The fundamental energy challenge in SWRO is straightforward: seawater must be pressurized to 55–70 bar (800–1,000 psi) to overcome the natural osmotic pressure of approximately 25–30 bar plus system hydraulic losses, yet after permeate recovery of 40–50%, roughly half of the feed water — now as high-pressure concentrate — is discharged. Without energy recovery, the hydraulic energy invested in pressurizing this concentrate stream is entirely wasted. Energy recovery devices (ERDs) capture this otherwise-lost pressure energy and return it to the feed stream, reducing net energy consumption by 40–60%. Modern large-scale SWRO plants equipped with advanced isobaric ERDs now achieve specific energy consumption (SEC) as low as 1.6 kWh/m³ — a remarkable achievement considering the theoretical minimum energy of seawater desalination at 50% recovery is approximately 1.06 kWh/m³.

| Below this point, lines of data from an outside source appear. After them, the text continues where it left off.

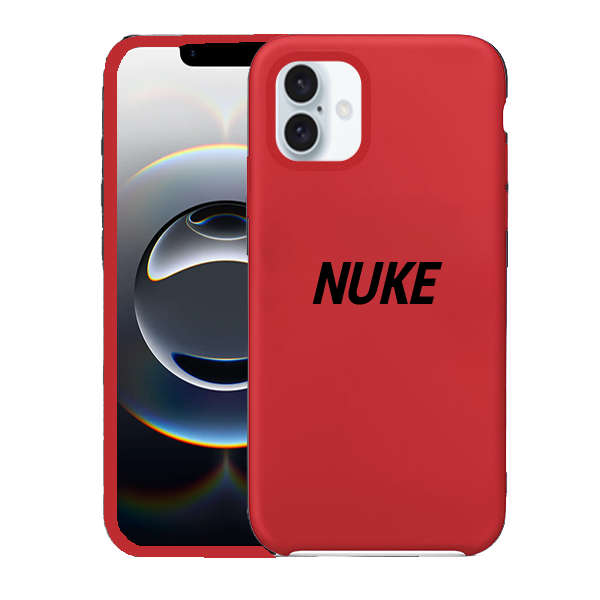 Silicon.Neck Series For Apple iPhone 11-Red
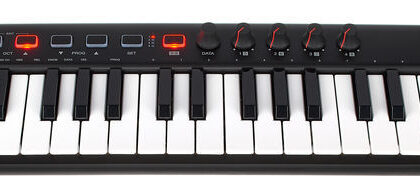 iRig-Keys-2 MIDI-контроллер, 37 клавиш, IK Multimedia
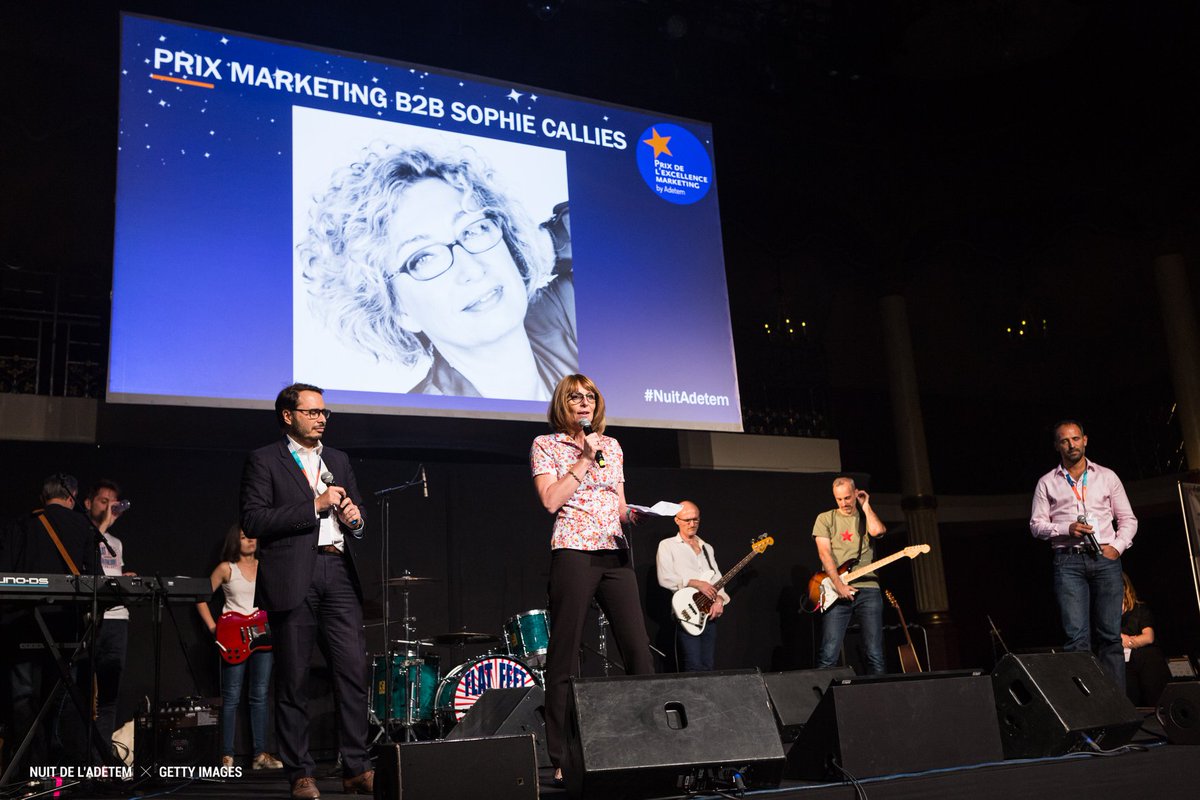 BeaLoriot's tweet photo. Grand prix de l’Excellence Marketing B2B 2018 @Adetem, dédié à Sophie Callies.
Bravo à @Manitou Prix Or, 
@Kintessia Prix Argent, 
et @GoogleFR avec @HEREZIE prix Bronze,! Retour sur leur succès le 13/9  à la prochaine matinale du Club B2B. Inscriptions : https://t.co/tgNzuaB3vI https://t.co/pxakg1pVYW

Classification of Energy Recovery Devices

Guirguis (2011) classifies ERDs into three generations, each representing a step change in efficiency and operational philosophy:

Class I: Hydraulic-to-Mechanical Assisted Pumping (Centrifugal Devices)

These first-generation devices convert the hydraulic energy of the brine concentrate into mechanical shaft work — typically via a turbine — which then assists the main high-pressure pump or drives a generator. The two principal technologies in this class are:

  • Francis Turbine (Reverse-Running Pump): Deployed at early large-scale plants including Al-Jubail (Saudi Arabia) and Trinidad. The Francis turbine converts brine pressure into rotational mechanical energy coupled to the pump shaft. The fundamental limitation is the double energy conversion penalty: hydraulic energy → mechanical energy (turbine) → hydraulic energy (pump), with cumulative efficiency losses at each conversion step. Al-Jubail plant data showed Francis turbine efficiencies in the range of 70–80%.
  • Pelton Wheel: An impulse turbine that uses high-pressure brine jets to drive a wheel coupled to the pump shaft. The Maspalomas II plant (Canary Islands) and Ummlujj plant (Saudi Arabia) deployed Pelton wheels. While generally achieving higher peak efficiencies than Francis turbines (~85–90%), the Pelton wheel also suffers from the double conversion penalty and exhibits efficiency sensitivity to flow variations — a significant limitation given that SWRO plants typically operate across a range of conditions.

Class II: Hydraulically Driven Pumping in Series (Turbochargers)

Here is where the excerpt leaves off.